THE RECORDS section start
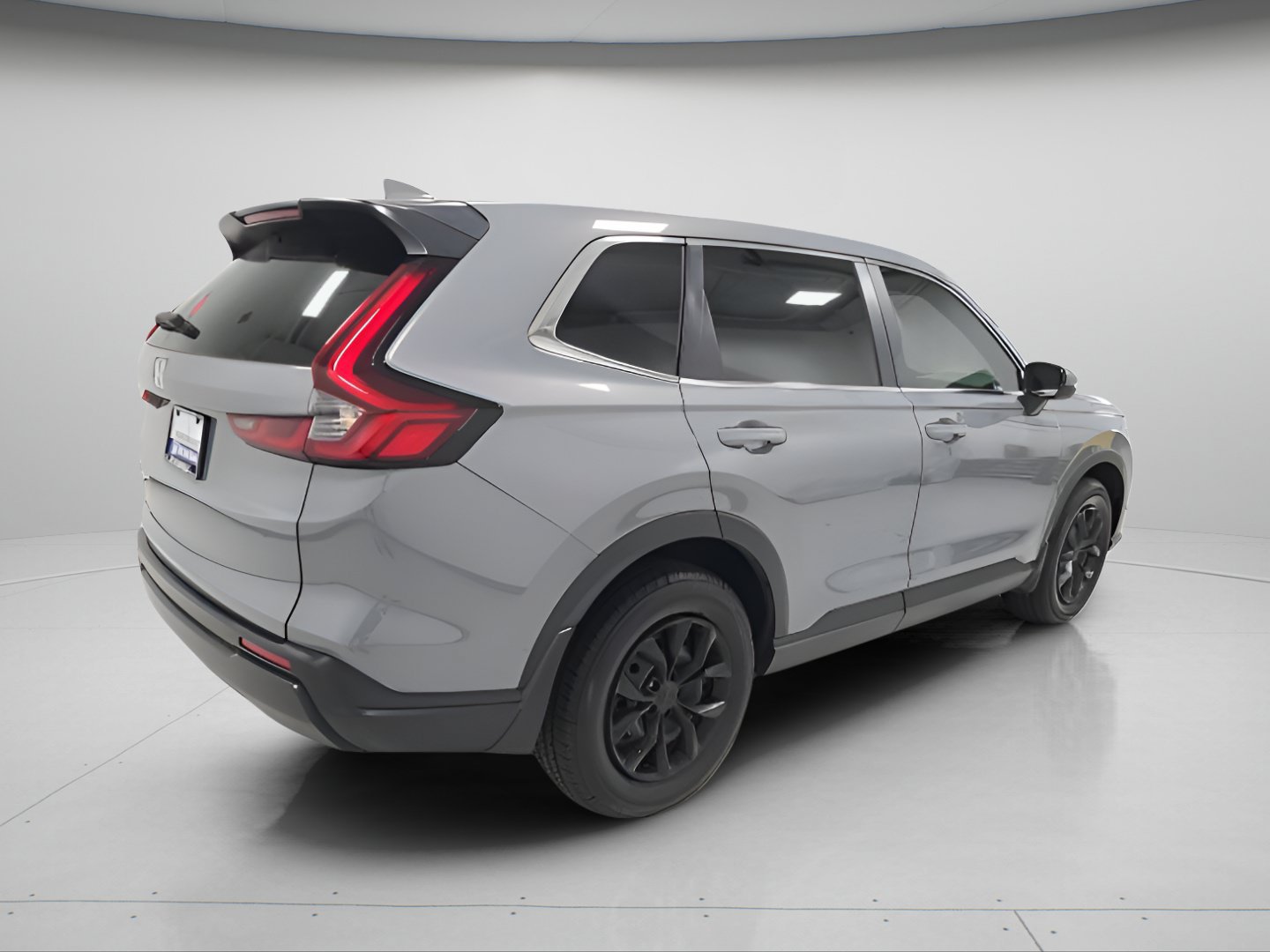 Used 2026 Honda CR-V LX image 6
THE RECORDS section end
THE RECORDS section start
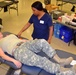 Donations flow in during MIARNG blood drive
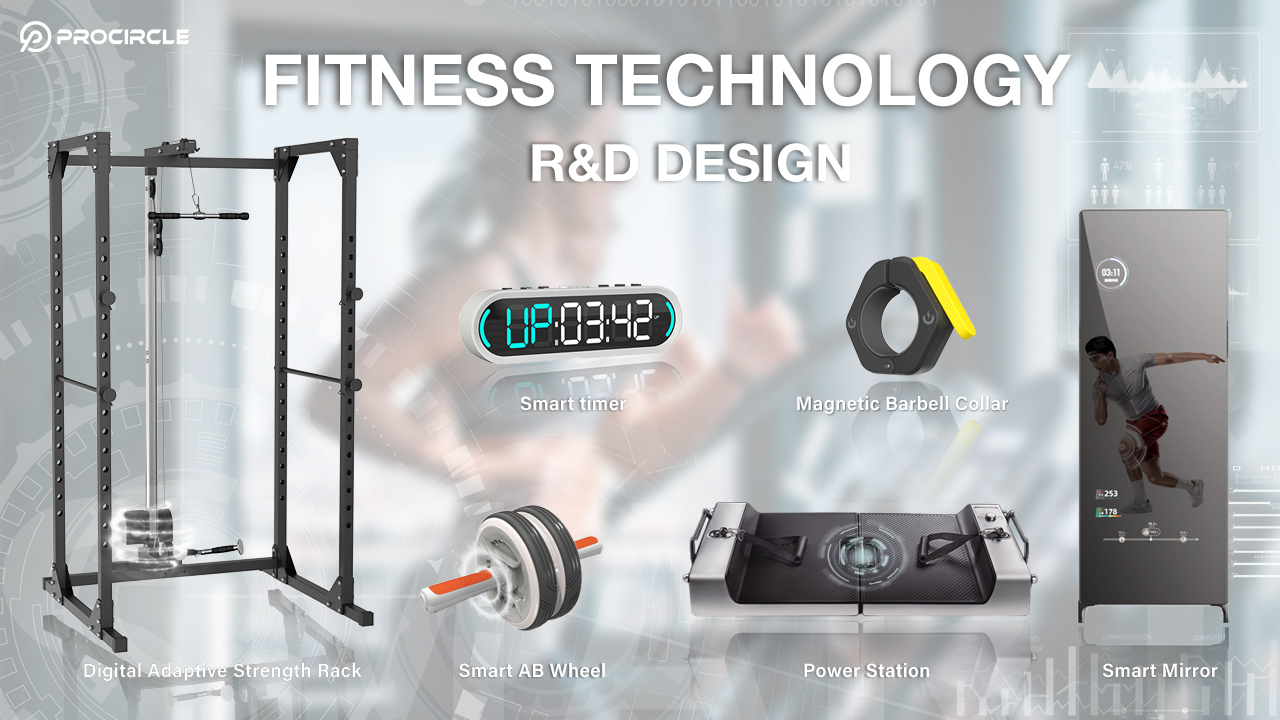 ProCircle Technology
THE RECORDS section end
Of the lines above, quote exactly those from the one with "Donations flow in during MIARNG blood drive" through the one with "ProCircle Technology", ends included; pictures stay out.

 Donations flow in during MIARNG blood drive
 ProCircle Technology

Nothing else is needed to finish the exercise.